Saturday, January 26, 2019

CL ideas in the middle of the night Jan 25-26 2019 Edition

This is probably not going to be particularly coherent but I didn't want to forget and it seemed a more logical, findable place to put it here, plus the teeeeeny handful of people who are likely to read this would probably find it mildly funny it interesting.

Which reminds me of my blogging goals a decade ago:

1. Be interesting
2. Don't be boring

Later followed with:

3. Brevity

Totally, miserably failed there. But you know, a decade later I decided that it's okay that I'm not.

Ideas for corpora:

Kate Corpus

What if I could find all of the things I've ever written on a computer and put them into a giant pile?

X-person corpus

The way this idea could be of more general interest is by applying it more broadly. What if you could advertise for a service that - no, I mean, what if you could actually create a service that actually downloaded all* (*not possible) your text input history? Like with fh and genealogy, you would probably suddenly be able to generate a ton of interest by shifting the idea from theories and applying it to individuals.
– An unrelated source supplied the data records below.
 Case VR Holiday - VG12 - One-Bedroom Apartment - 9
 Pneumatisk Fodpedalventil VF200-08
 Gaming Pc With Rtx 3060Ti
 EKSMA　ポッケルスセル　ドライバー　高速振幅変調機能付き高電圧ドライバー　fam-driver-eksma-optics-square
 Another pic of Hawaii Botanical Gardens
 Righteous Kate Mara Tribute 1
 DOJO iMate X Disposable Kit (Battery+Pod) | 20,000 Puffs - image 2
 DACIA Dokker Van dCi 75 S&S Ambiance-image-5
People are really mostly interested in themselves.

We are a bunch of narcissists looking in mirrors in this depressing postmodern online world. This entire post will prove that point at least ten times. But in my defense, it's stream of consciousness writing after  only five hours of sleep.
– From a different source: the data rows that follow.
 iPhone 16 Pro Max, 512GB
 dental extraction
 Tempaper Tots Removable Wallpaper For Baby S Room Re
How can I sleep. This is really, really interesting. I have to write about it in order to not explode.

But I guess even though it's pretty stupid for me to create the Kate Corpus because it is rather egocentric, it's also ethical. I give myself full permission.
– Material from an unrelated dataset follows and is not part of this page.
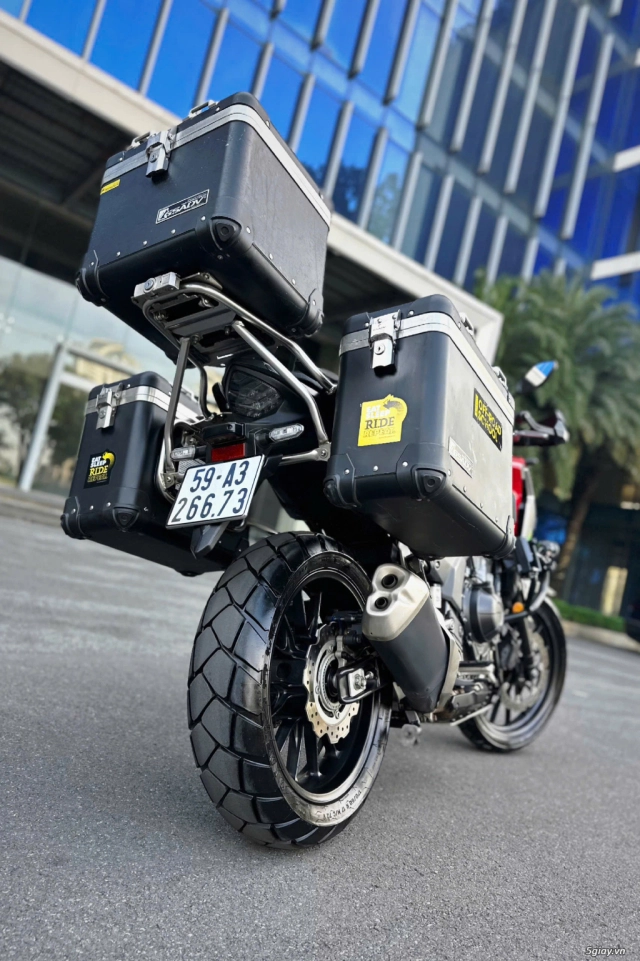 ___honda cb500x adv 2020___ - 11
So yeah. Where is my typing and how do I find it?

First computer: Family 386, totally gone. Unrecoverable. Did it even have internet?

Second computer: Compaq something or other. I learned to type 85 wpm when I was 10, my dad bought me a computer. I spent hours playing...in Ms word. And just playing. Or watching my brother play. Or recording my sister Sarah and I talking. But I was not that good at finger eye coordination. I've long since mourned the deletion of those sound files. Maybe my dad knows where the backup to that thing is. I have printed copies of two or three texts I wrote from that time period.

Cuz this entire corpus is clearly about diachronic change. Fun fact: I haven't decided within myself whether or not that is a word I can bear to include in my lexicon. It is just so...snobby. Change over time is just fine and not ridiculously arrogant. Or potentially part of the lyrics to where in time is Carmen San Diego. See the above comment about computer games as a child.

This computer lasted me a long time. I don't think it was usually connected to the internet.

I remember when it or one very similar was. Dial up. My first texts online: definitely aol instant messenger (AIM). Is that chat history even recoverable?! Didn't Google Hangouts or its predecessor subsume most aim accounts? My username is or was katidid99. It must have been 1999. I was 12/13 years old. This seems like an important source of text to include in this corpus. Hmm. How to recovery it?

Find a way to open that account. Find a way to download chat history - if it exists. Clean the text so it's only my half of the conversations. Is it ethical to include that? I'm... Going with yes?

BYU desktop. I think this was a new hard drive but all old parts from that Compaq? Wow. Computers lasted much longer back then. These days it's like, 2-3ish years and Danny, the sole computer purchaser in our house, upgrades it (piecemeal usually). And doesn't get rid of the old one. #computergraveyard

I was blogging by this point. So at least I have the texts from that time period. I already found and gathered the 25 posts from my livejournal - username kvasicek. I even correctly guessed the password. Ha! Such useless knowledge.

I would love to find my school essays. They definitely exist.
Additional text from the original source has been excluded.